ATF 113 IA 187 de 1987 Refus de témoigner en raison de l'immunité parlementaire L'immunité parlementaire selon le droit constitutionnel cantonal veut garantir aux députés d'exprimer leurs considérations sur les décisions du parlement. Elle ne permet pas de refuser de témoigner en relation avec des incidents en dehors de l'activité parlementaire.
« La règle d'immunité [...] vise à mieux garantir l'expression par les députés des considérations à la base des décisions prises par le Grand Conseil, notamment dans le cadre de la surveillance exercée sur l'administration cantonale. Cette règle ne s'étend pas au refus de témoigner en justice sur les circonstances ayant permis à un député d'avoir connaissance d'un dossier sans l'autorisation de l'organe administratif compétent. »
#II. Procédure devant l'Assemblée fédérale
TPF 2008 151 du 18 novembre 2008 Conditions de procédure et levée de l'immunité parlementaire La levée de l'immunité parlementaire relative d'un membre des Chambres par l'Assemblée fédérale constitue une condition de procédure qui doit être remplie avant le début des poursuites pénales.
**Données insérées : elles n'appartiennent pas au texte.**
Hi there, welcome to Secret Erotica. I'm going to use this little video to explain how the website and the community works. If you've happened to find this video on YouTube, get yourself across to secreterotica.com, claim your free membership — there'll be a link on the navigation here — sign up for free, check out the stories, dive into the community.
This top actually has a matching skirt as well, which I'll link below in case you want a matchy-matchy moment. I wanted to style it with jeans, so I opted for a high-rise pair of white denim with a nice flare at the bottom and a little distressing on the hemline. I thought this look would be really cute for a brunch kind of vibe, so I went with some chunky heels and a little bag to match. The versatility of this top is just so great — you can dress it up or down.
Un parlementaire ne peut pas être mis en accusation avant que l'Assemblée fédérale ait levé son immunité.
« La levée de l'immunité parlementaire relative d'un membre des Chambres par l'Assemblée fédérale constitue une condition de procédure qui doit être remplie avant le début des poursuites pénales. Par conséquent, toute poursuite pénale est exclue en cas d'absence ou de refus de levée de l'immunité. L'accord de l'Assemblée fédérale à la levée de l'immunité parlementaire relative constitue ainsi l'autorisation d'ouvrir une procédure pénale au sens de l'art. 17 al. 1 LParl. »
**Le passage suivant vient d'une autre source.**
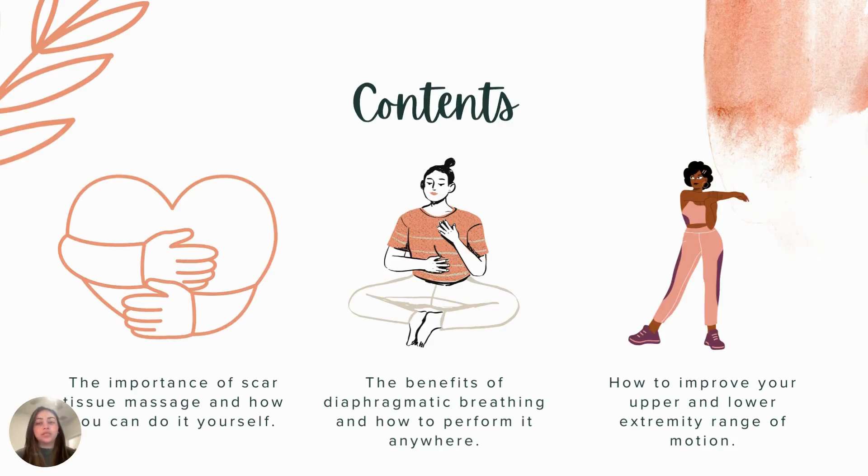I wanted to focus on these topics because I know that many breast cancer survivors may have gone through surgery, experienced high amounts of stress, and may have even lost their ability to move their bodies due to general weakness. During this presentation, I will give you insightful information, as well as demonstrate how to perform some of these techniques.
« Un député ne peut pas être mis en accusation avant que l'Assemblée fédérale ait levé son immunité parlementaire relative, sinon cet institut perdrait tout sens, car il vise précisément à empêcher qu'un parlementaire puisse être poursuivi pénalement. »
#III. Étendue et limites de l'immunité
TPF 2021 134 de 2021 Étendue matérielle de la levée d'immunité La levée de l'immunité parlementaire est limitée au complexe de faits concrètement désigné. Le mandat d'enquête pénale ne s'étend qu'au domaine pour lequel l'immunité a été levée.
« Il est établi que l'immunité de l'ancien procureur général de la Confédération B. n'a été levée provisoirement qu'en relation avec le complexe de faits ‹rencontres informelles› avec le recourant et d'autres personnes. Ce seul complexe de faits forme l'objet du mandat qui a été donné par l'Assemblée fédérale à l'intimé pour mener une enquête pénale. »
BB.2020.291 du 10 mars 2021 Actes de procédure avant la levée d'immunité Les actes de procédure entrepris avant la levée définitive de l'immunité parlementaire sont en principe nuls. Cela concerne notamment les auditions et autres mesures de contrainte.
« Les démarches que le Ministère public de la Confédération doit entreprendre pour obtenir la levée de l'immunité parlementaire d'un député soupçonné d'une infraction constituent seulement des actes préparatoires en vue de l'ouverture éventuelle de poursuites pénales et non des actes officiels respectivement une négligence. »
#IV. Principes de droit constitutionnel fédéral
Sur l'art. 162 al. 1 Cst., il n'existe pas de jurisprudence fédérale spécifique, car l'immunité absolue pour les déclarations dans les Chambres et leurs organes n'est pas juridiquement contestée et ne fait pratiquement pas l'objet de procédures judiciaires.
Sur l'art. 162 al. 2 Cst., la loi autorise à prévoir d'autres types d'immunité. Cela se fait principalement dans la loi sur le Parlement (art. 15–18 LParl), qui règle l'immunité relative pour les actes en dehors de l'activité parlementaire.